Via Twitter, people can make up new collective nouns and vote for their favorite suggestions. Check it out.

Oh, one does, do they?

Monday, July 27th, 2009

What is the universal pronoun to be used for the neutral-gender singular? Apparently, according to The New York Times, what it’s always been.

Why ‘I’ and not ‘me’

Thursday, July 23rd, 2009

The New York Times gives us some history on why we capitalize the first-person singular nominative pronoun “I” and no other pronouns.

An editor’s work is never done …

Monday, July 20th, 2009

Someone at Vanity Fair took a red pen (and a green and a blue) to Sarah Palin’s resignation speech. It’s so hard to find good editorial humor.

The words

Friday, April 3rd, 2009

penandpaper

“That’s all we have, finally, the words, and they had better be the right ones, with the punctuation in the right places.”
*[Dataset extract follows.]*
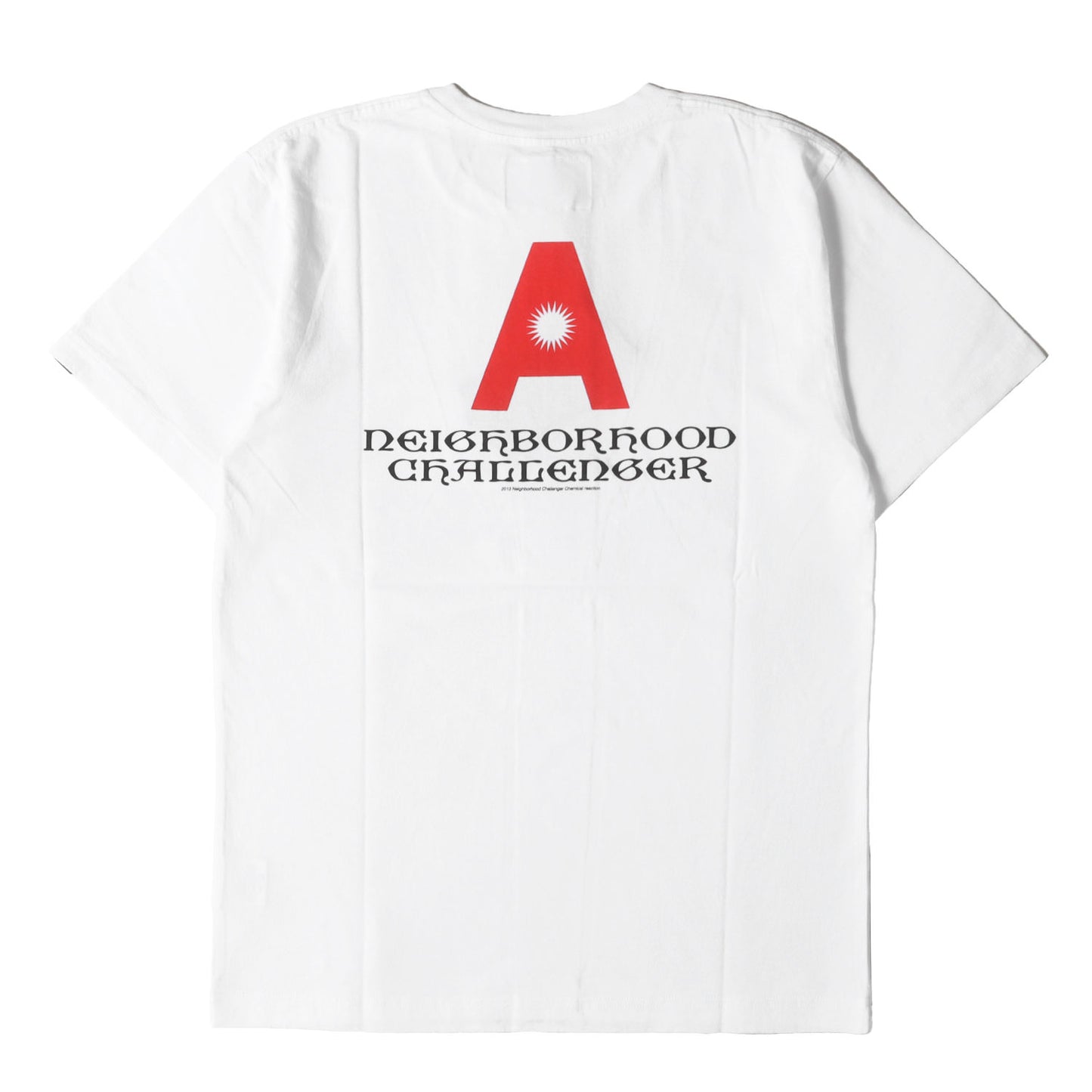 ×CHALLENGER グラフィック Tシャツ(NHCH.2 / C-TEE. SS)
— Raymond Carver, from “On Writing”

March 4th; celebrate Grammar Day

Thursday, March 5th, 2009

March 4th has been declared to be National Grammar Day. It’s also the only day that, when spoken aloud, is a complete sentence. (March forth!)
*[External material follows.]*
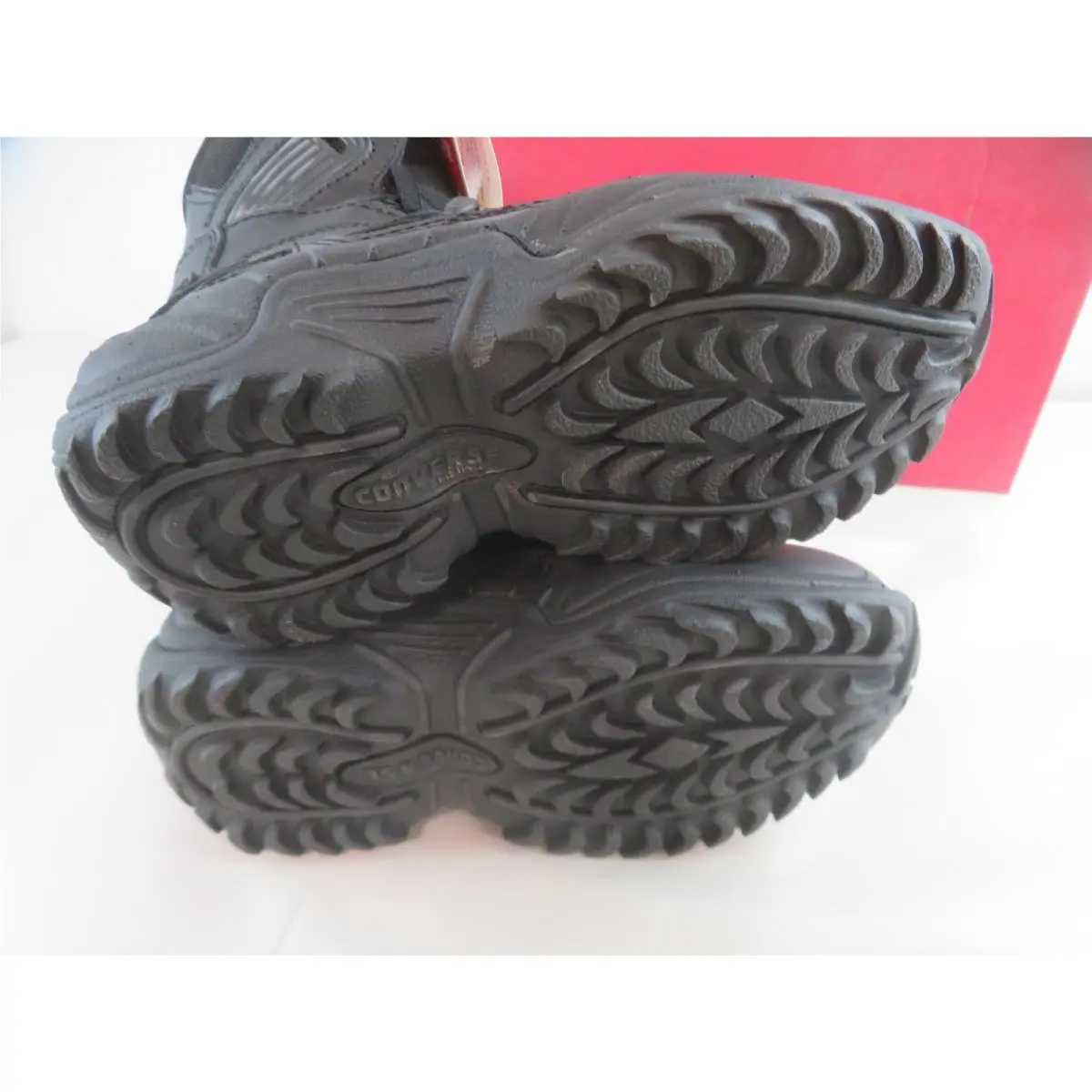 Converse shoes - Black 6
Too bad I didn’t know about the holiday yesterday. I could have stayed home or had cake or something. Still, it’s nice to know somebody still cares about writing with clarity. It’s like seeing a light in a storm on a dark night. OK, well, maybe not that powerful, but it’s nice.

Harry S. Truman? or Harry S Truman?

Tuesday, February 10th, 2009

I just ran across this question while looking up another grammar question.

I had always heard that the “S” was something the president made up, because he didn’t have a middle name, so it did not take a period after it. But according to the Harry S. Truman Library & Museum, he claimed it wasn’t followed by a period because it didn’t stand for any name, but was a “compromise” for two other names. Then he went on to add a period after the “S” in his own signature. Go figure.

By the way, there are games and activities for kids at the Truman Web site, too. Click on the word search puzzle.

Christmas vs. Xmas

Friday, December 19th, 2008

A message from Grammar Girl about the origin and appropriateness of “Xmas”:

Retailers have long been accused of secularizing Christmas by using “Xmas” in signs and advertisements; therefore, I suspect many of you will be surprised to learn that “Xmas” has a religious origin. In Greek, the letter “chi” is written as an X, and chi is the first letter of the Greek word for “Christ.” Greeks sometimes abbreviated “Christ” as “X.” For example, they abbreviated “Christ savior” as “XP.” (”P” is the symbol for the Greek letter “rho,” which is the first letter of the word “savior” in Greek.) The Oxford English Dictionary shows the first known English use of “Xmas” in 1551.

As for appropriateness, “Xmas” may have a religious origin and fit better on signs, but many people — both those who use “Xmas” and those who complain about its use — are unaware of the religious origin. If you choose you use “Xmas,” you should know that some people will be infuriated.